(HOW TO COMPLETE THIS TASK): Please give all of the data again, character for character, and drop the pictures.

(COLLECTED DATA):
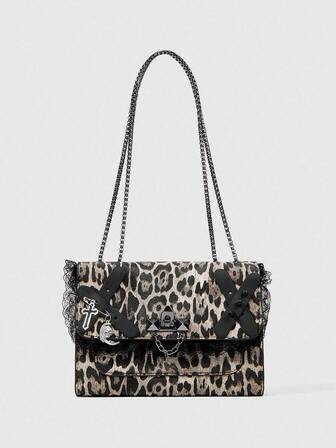 Grunge Punk Bolso bandolera de mujer con estampado de leopardo de encaje y contraste de estilo punk
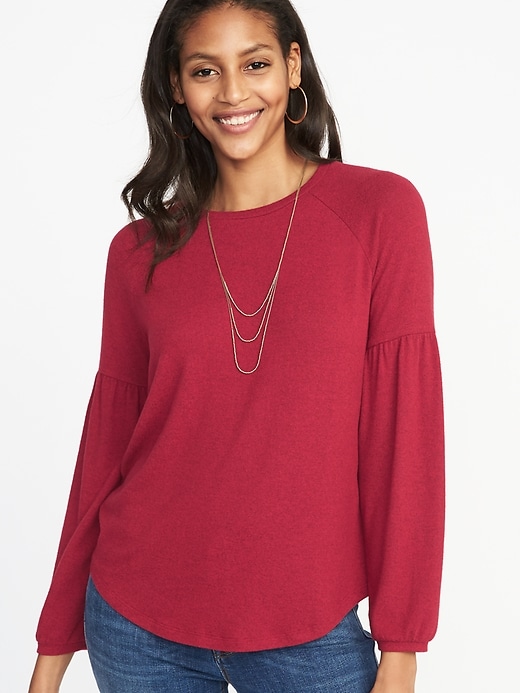 Image number 1 showing, Plush-Knit Balloon-Sleeve Top for Women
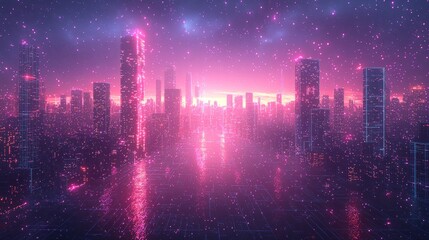 Fototapeta premium Expansive cyberpunk cityscape with neon skyscrapers and futuristic night sky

(RESPONSE TO THE TASK):
 Grunge Punk Bolso bandolera de mujer con estampado de leopardo de encaje y contraste de estilo punk
 Image number 1 showing, Plush-Knit Balloon-Sleeve Top for Women
 Fototapeta premium Expansive cyberpunk cityscape with neon skyscrapers and futuristic night sky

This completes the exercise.